MATERIAL PROVIDED
··········

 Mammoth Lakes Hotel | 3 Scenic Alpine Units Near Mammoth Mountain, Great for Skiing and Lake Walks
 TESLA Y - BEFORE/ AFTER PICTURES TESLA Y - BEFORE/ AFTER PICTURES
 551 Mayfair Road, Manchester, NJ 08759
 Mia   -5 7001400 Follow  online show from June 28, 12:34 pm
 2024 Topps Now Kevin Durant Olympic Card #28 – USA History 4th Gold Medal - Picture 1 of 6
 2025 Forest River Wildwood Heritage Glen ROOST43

··········

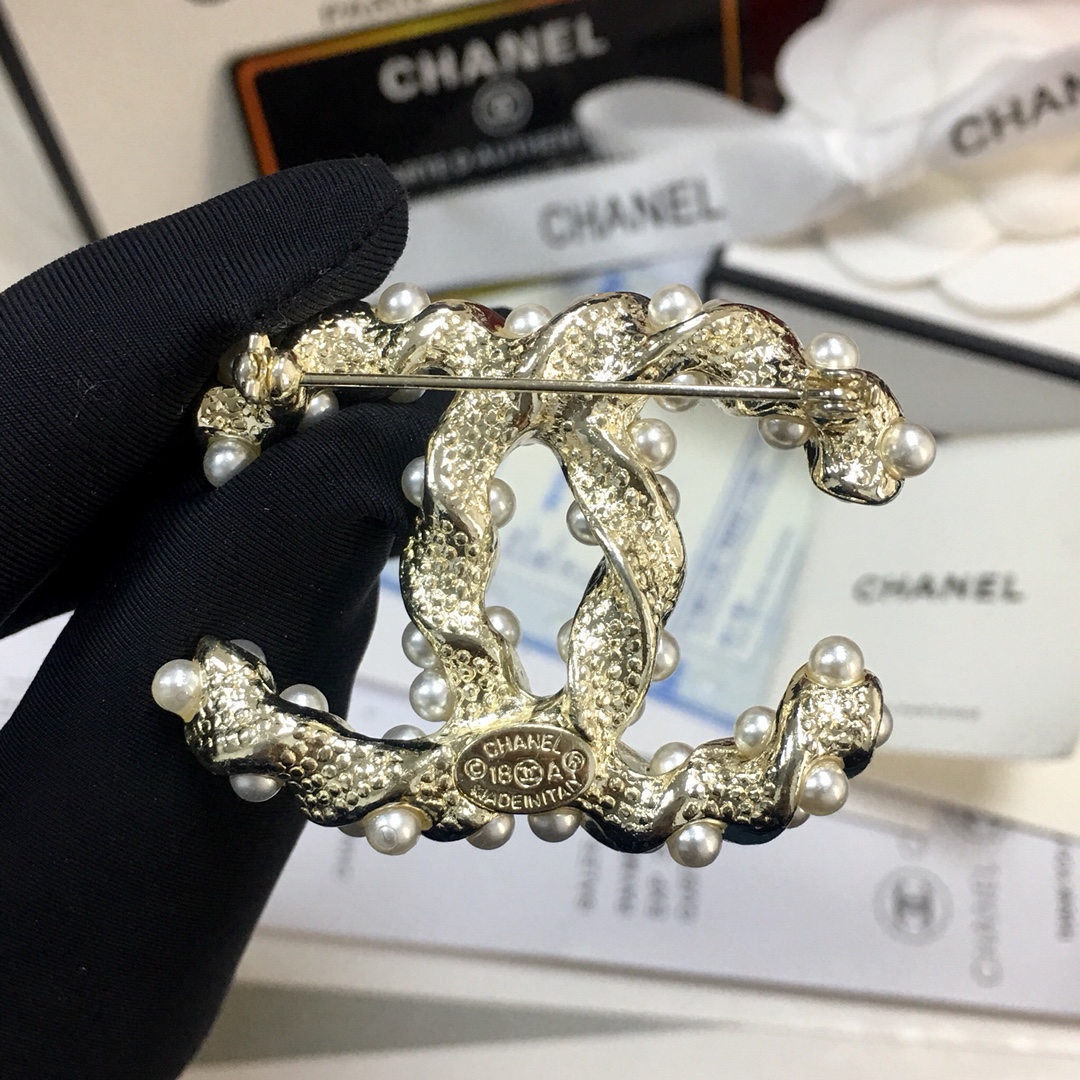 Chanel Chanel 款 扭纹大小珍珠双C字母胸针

··········

TASK REQUIREMENTS
Give again, word for word, every line of the listing above from the one with "Mammoth Lakes Hotel" to the one with "2025 Forest River", both inclusive, and nothing beyond them.

ANSWER TO THE PROBLEM
 Mammoth Lakes Hotel | 3 Scenic Alpine Units Near Mammoth Mountain, Great for Skiing and Lake Walks
 TESLA Y - BEFORE/ AFTER PICTURES TESLA Y - BEFORE/ AFTER PICTURES
 551 Mayfair Road, Manchester, NJ 08759
 Mia   -5 7001400 Follow  online show from June 28, 12:34 pm
 2024 Topps Now Kevin Durant Olympic Card #28 – USA History 4th Gold Medal - Picture 1 of 6
 2025 Forest River Wildwood Heritage Glen ROOST43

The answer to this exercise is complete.